Now let's start on the "select" subquery. We first start by selecting the ``Song.id``.

.. code-block:: python

    select_query = Query(Song).select(Song.id)

And we can add our left joins for every service.

.. code-block:: python

    for schema in links.values():
        select_query.left_join(schema, on=[Song.id, schema.song_id])

For our ``where`` we would use list comprehension and then de-construct the list into function arguments.

.. code-block:: python

    select_query.where(
        *[op.is_null(s[f"{n}_id"]) for n, s in links.items()]
    )

You can access a ``Schema``'s fields as if they were a dict.
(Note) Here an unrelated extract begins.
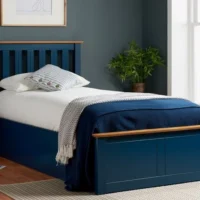 ASC Sydney Navy Blue Wooden Ottoman Bed Frame - 3ft Single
In ``op.is_null(s[f"{n}_id"])`` we are doing just that, where ``s`` and ``n`` are the schema and name we get from ``links.items()``.

Finally, we can add it to a ``delete`` function.

.. code-block:: python

    Query(Song).delete().where(op.in_(Song.id, select_query)).execute()

Now we only need to change the ``links`` dictionary instead of messing around with the query.

This is what it looks like all together for reference:

.. code-block:: python

    links = {
        "spotify": Spotfiy
        "applemusic": AppleMusic,
        "soundcloud": Soundcloud,
    }

    select_query = Query(Song).select(Song.id)

    for schema in links.values():
        select_query.left_join(schema, on=[Song.id, schema.song_id])

    select_query.where(
        *[op.is_null(s[f"{n}_id"]) for n, s in links.items()]
    )

    Query(Song).delete().where(op.in_(Song.id, select_query)).execute()